(DATA FOR THIS TASK Opens)

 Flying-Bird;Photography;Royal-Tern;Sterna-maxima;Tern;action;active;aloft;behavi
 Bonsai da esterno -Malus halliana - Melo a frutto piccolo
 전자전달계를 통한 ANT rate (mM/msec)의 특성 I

(DATA FOR THIS TASK Closes)
(DATA FOR THIS TASK Opens)

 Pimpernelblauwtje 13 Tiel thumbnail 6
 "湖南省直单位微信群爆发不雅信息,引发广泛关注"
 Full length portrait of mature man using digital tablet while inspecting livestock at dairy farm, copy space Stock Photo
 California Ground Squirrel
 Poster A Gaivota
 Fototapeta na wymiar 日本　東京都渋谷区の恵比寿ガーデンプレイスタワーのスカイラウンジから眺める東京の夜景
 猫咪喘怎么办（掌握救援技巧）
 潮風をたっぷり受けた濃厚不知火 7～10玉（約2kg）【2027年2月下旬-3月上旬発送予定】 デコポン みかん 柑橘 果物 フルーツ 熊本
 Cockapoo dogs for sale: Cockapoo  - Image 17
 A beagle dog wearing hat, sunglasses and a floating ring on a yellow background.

(DATA FOR THIS TASK Closes)

- [INSTRUCTIONS TO FOLLOW] Copy the records above exactly, beginning at the line that contains "Full length portrait" and stopping after the line that contains "A beagle dog".

- [RESPONSE TO THE EXERCISE]
 Full length portrait of mature man using digital tablet while inspecting livestock at dairy farm, copy space Stock Photo
 California Ground Squirrel
 Poster A Gaivota
 Fototapeta na wymiar 日本　東京都渋谷区の恵比寿ガーデンプレイスタワーのスカイラウンジから眺める東京の夜景
 猫咪喘怎么办（掌握救援技巧）
 潮風をたっぷり受けた濃厚不知火 7～10玉（約2kg）【2027年2月下旬-3月上旬発送予定】 デコポン みかん 柑橘 果物 フルーツ 熊本
 Cockapoo dogs for sale: Cockapoo  - Image 17
 A beagle dog wearing hat, sunglasses and a floating ring on a yellow background.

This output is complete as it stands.